* Task brief
Your answer should hold only the lines from the one with "Veste À Capuche" through the end of the records, repeated exactly and minus any pictures.

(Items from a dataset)
▬▬▬▬▬▬▬▬▬▬
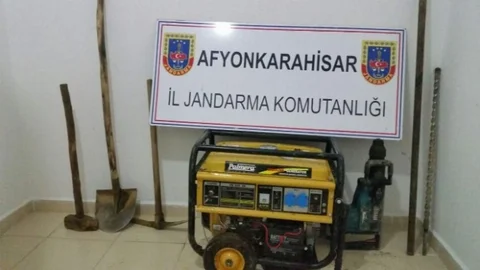 Afyonkarahisar'da Define Operasyonu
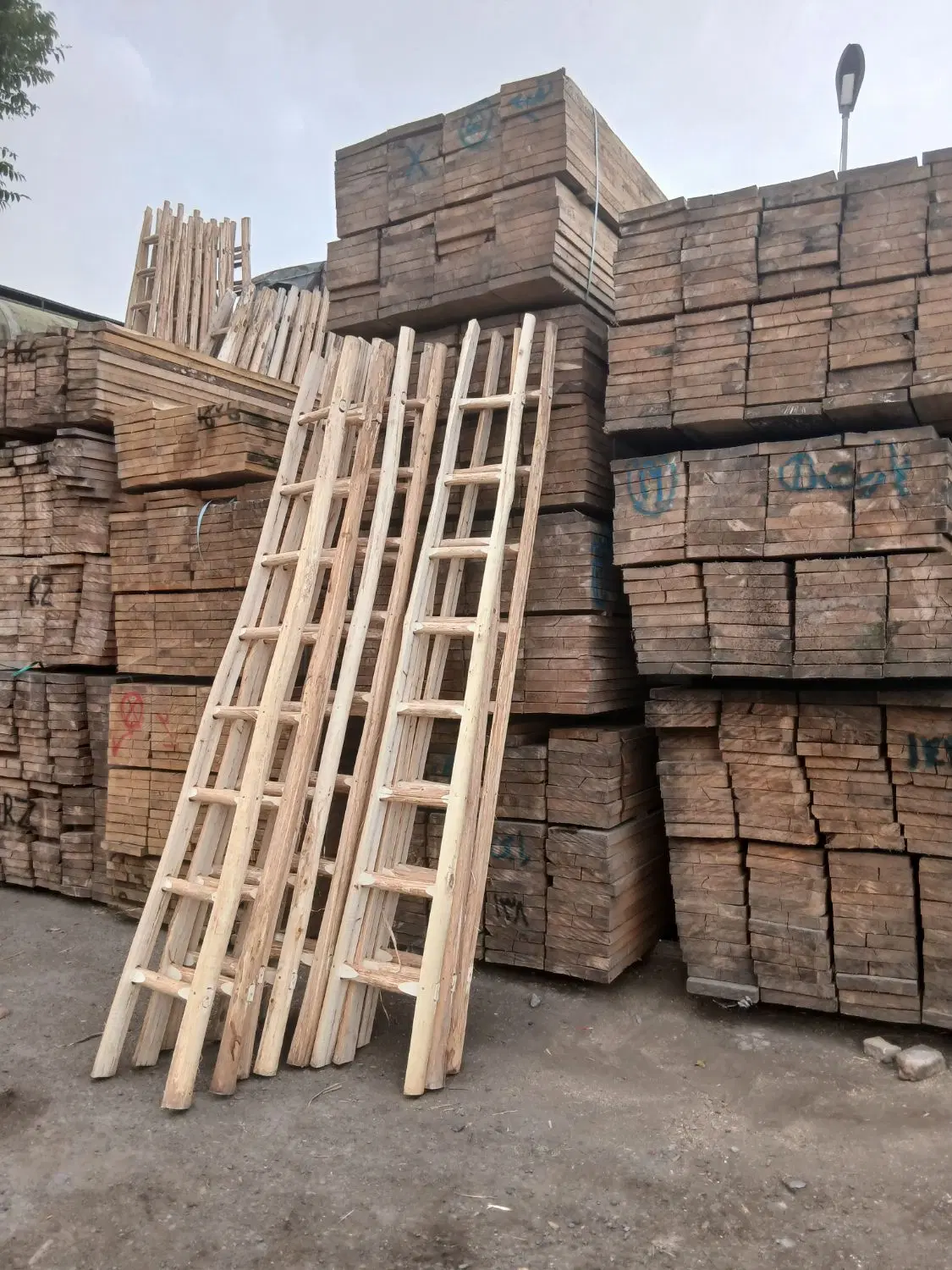 نردبان های نردبون یکطرفه دوطرفه چوبی سازنده برند۸۷|مصالح و تجهیزات ساختمان|تهران, مشیریه|دیوار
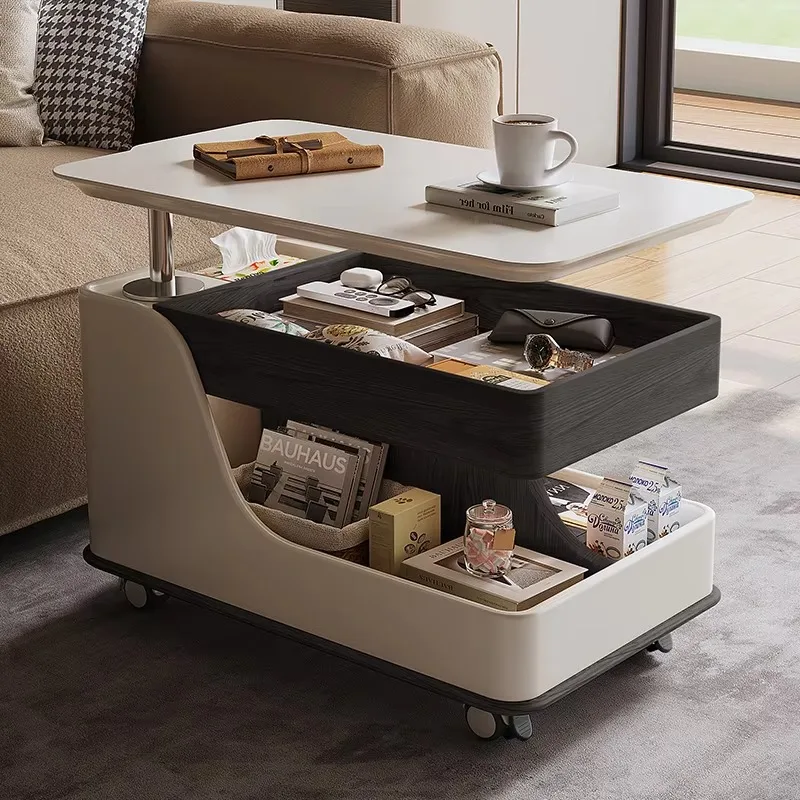 طاولة جانبية ذكية منضدة حديثة بسعر المصنع مع سطح رفع دوار متحرك قابل للتعديل للاستخدام في غرفة النوم وغرفة المعيشة #2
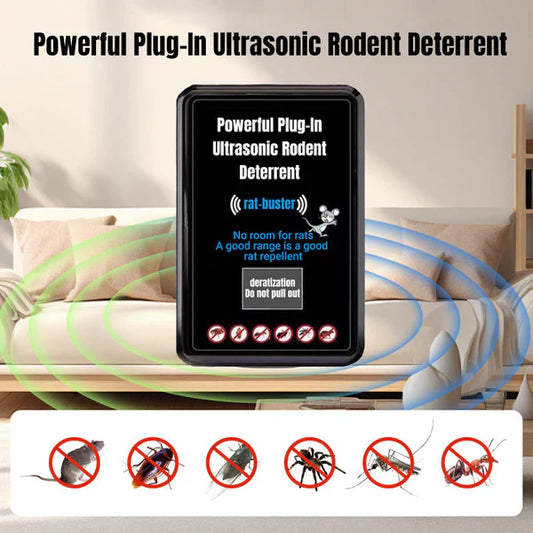⏳Limited time 50% discount💥Powerful plug-in ultrasonic rodent repellent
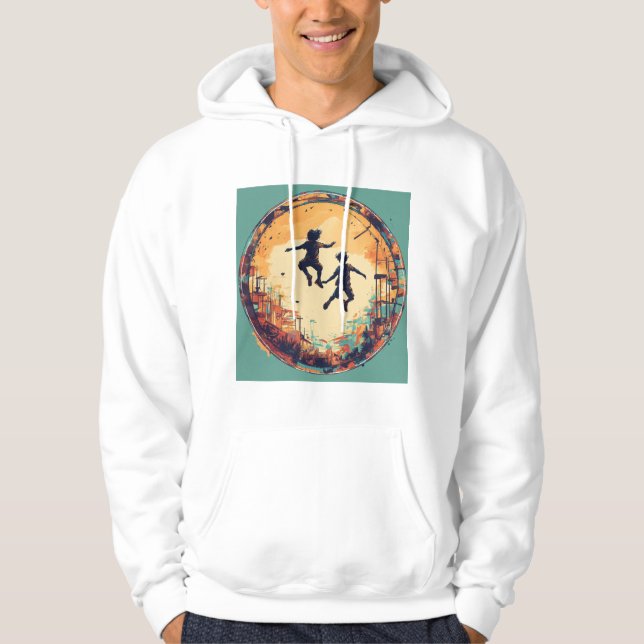 Veste À Capuche Célébrer la magie de l'enfance et du menton indien (Devant)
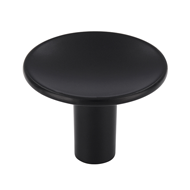 Cabinet Knob - 38mm - Matt Black Finish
▬▬▬▬▬▬▬▬▬▬
* Solution for this exercise
 Veste À Capuche Célébrer la magie de l'enfance et du menton indien (Devant)
 Cabinet Knob - 38mm - Matt Black Finish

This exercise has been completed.